- 27
Pablo Picasso
Description
- Pablo Picasso
- Tête de femme. Face
- dated 13.6.62. II (upper left)
- oil on paper
- 42 by 27cm.
- 16 1/2 by 10 5/8 in.
Provenance
Galerie Jacques de la Béraudière, Geneva (acquired from the above in 2011)
Acquired from the above by the present owner in 2012
Exhibited
Literature
Christian Zervos, Pablo Picasso, œuvres de 1961 à 1962, Paris, 1968, vol. 20, no. 256, illustrated pl. 118
Catalogue Note
According to Elizabeth Cowling, ‘One of Jacqueline’s attractions for Picasso was her uncanny ability to inhabit and blend with now one picture in his musée imaginaire, now another’ (E. Cowling in Picasso Portraits (exhibition catalogue), National Portrait Gallery, London, 2016-17, p. 184).
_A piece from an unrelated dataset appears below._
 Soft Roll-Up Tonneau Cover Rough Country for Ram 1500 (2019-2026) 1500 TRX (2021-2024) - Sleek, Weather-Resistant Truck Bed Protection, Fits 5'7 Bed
Picasso painted Jacqueline in a variety of manners, from the more naturalistic, frontal depictions he explored in a range of media (fig. 1), including the present work, to the more stylised, abstract renderings reminiscent of his earlier portraits of Dora Maar. Throughout their life together, Jacqueline also served as a model for several of Picasso’s reinterpretations of art historical masterpieces, including his studies after Manet’s Le Déjeuner sur l’herbe and Delacroix’s Les Femmes d’Algers. In the present work, however, he chose a more intimate rendering of his muse, who is depicted frontally, facing the viewer with her wide eyes, her long hair and striped ribbon giving her an innocent, youthful look.